■ **INFORMATION SHOWN**
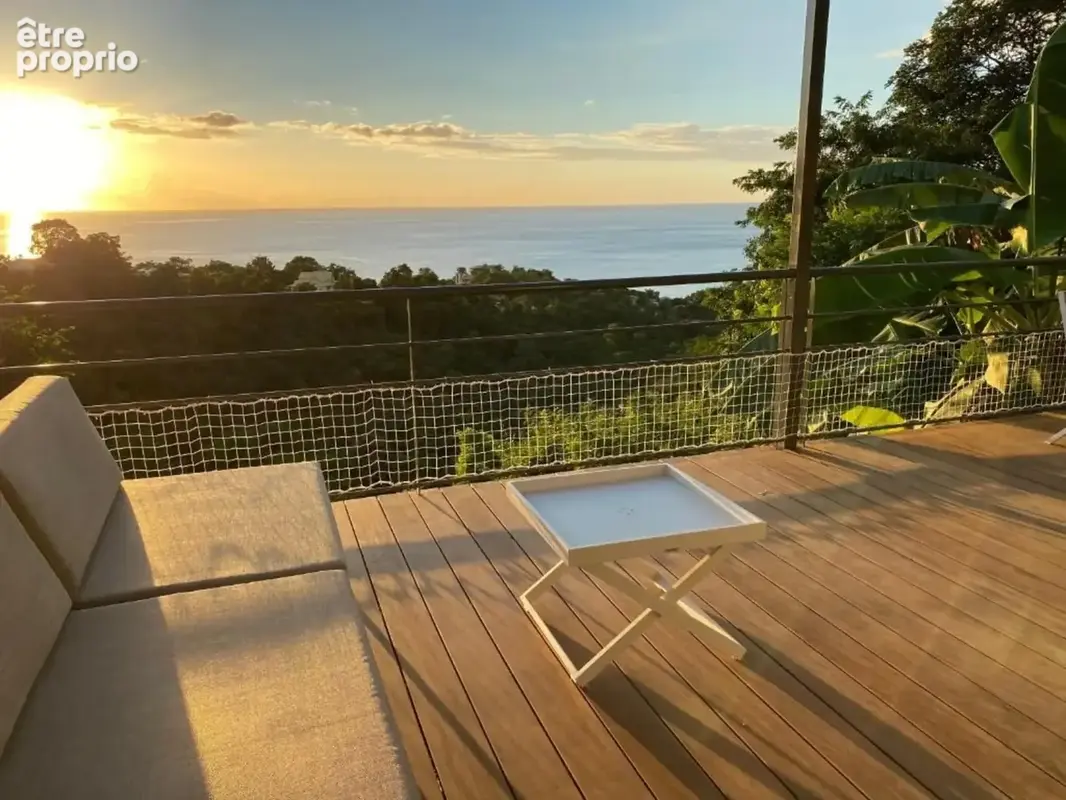 VUE MER VILLA + 3 BUNGALOWS avec piscine 8500 m² de terrain - photo 2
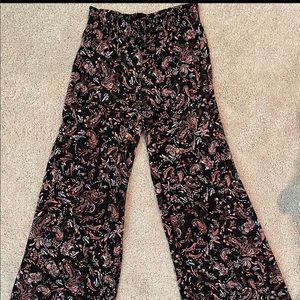 Black and pink pants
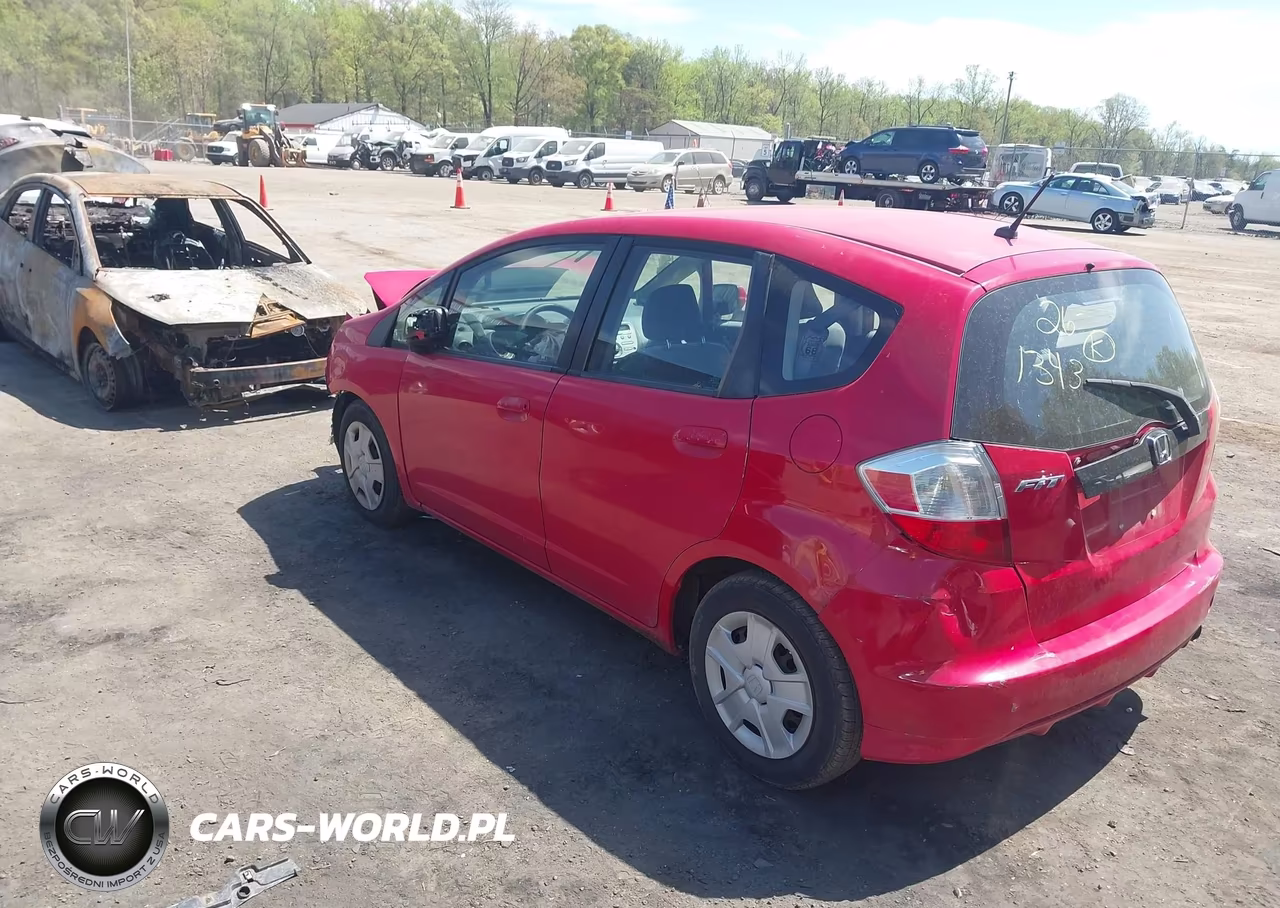 2012 Honda Fit VIN:JHMGE8H39CC033447 - 3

■ **EXERCISE DESCRIPTION**
Print the complete listing exactly as it stands, without its pictures.

■ **OUTPUT**
 VUE MER VILLA + 3 BUNGALOWS avec piscine 8500 m² de terrain - photo 2
 Black and pink pants
 2012 Honda Fit VIN:JHMGE8H39CC033447 - 3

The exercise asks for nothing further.